To the north of the villa's main entrance, which leads through the remnants of a triumphal arch into an elegant atrium (forecourt), is the villa's baths complex. Accessible via the palaestra, which has a splendid mosaic depicting a chariot race at the Circus Maximus in Rome, is the octagonal frigidarium, where the radiating apses contained cold plunge pools, and a tepidarium, where you can now see the exposed brickwork and vents that allowed hot steam into the room.
Peristyle & Great Hunt
The main part of the villa is centred on the peristyle, a vast covered courtyard lined with amusing animal heads. This is where guests would have been received before being taken through to the basilica.

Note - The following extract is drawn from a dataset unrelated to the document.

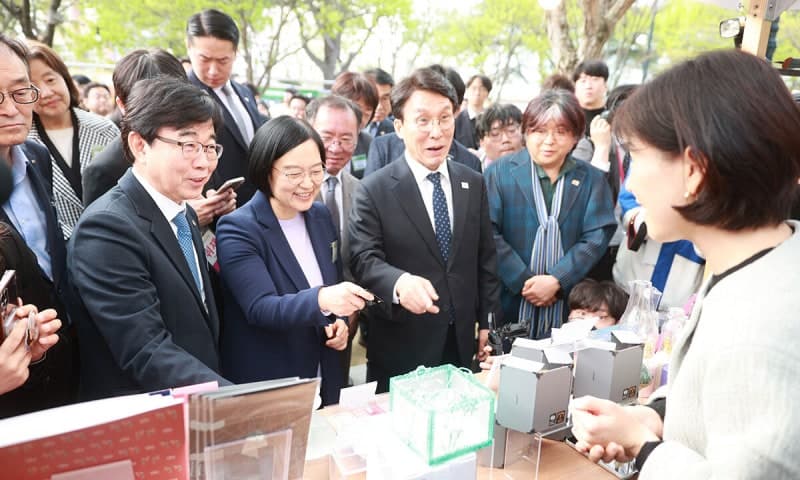 "소비로 지역 살린다"…중기부, '4월 동행축제' 개막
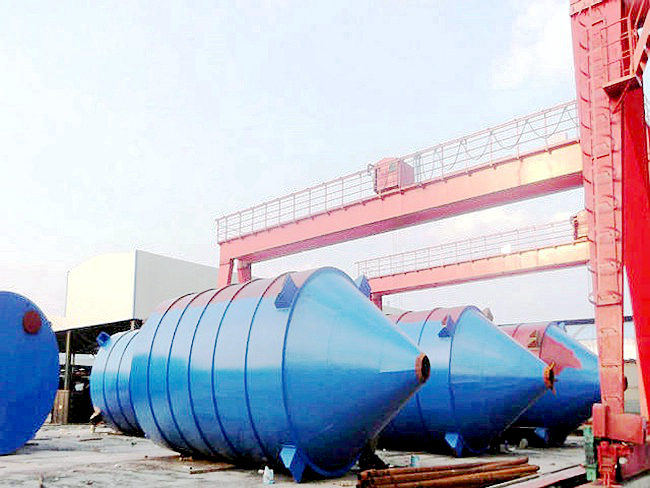 200噸水泥罐施工現(xiàn)場 200噸水泥罐施工現(xiàn)場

Of the rooms on the northern side of the peristyle, the most interesting is a dining room featuring a hunting mosaic called the Little Hunt – 'little' because the big hunt is over on the eastern flank of the peristyle in the Ambulacro della Grande Caccia. This 64m-long corridor is emblazoned with dramatic hunting scenes of tigers, leopards, elephants, antelopes, ostriches and a rhino – animals that the Romans eventually hunted to extinction in North Africa. The first figure is resplendent in a Byzantine cape and is flanked by two soldiers, most likely Maximianus himself and two members of his personal guard.
Sala delle Dieci Ragazze
Just off the southern end of the Ambulacro della Grande Caccia, in the Sala delle Dieci Ragazze, is the villa's most famous mosaic. It depicts nine (originally there were 10) bikini-clad girls working out with weights and dinky dumbbells, in preparation for the Olympic games.
On one side of the Ambulacro is a series of apartments, the floor illustrations of which reproduce scenes from Homer and other mythical episodes. Of particular interest is the triclinium, with a splendid depiction of the labours of Hercules, where the tortured monsters are ensnared by a smirking Odysseus.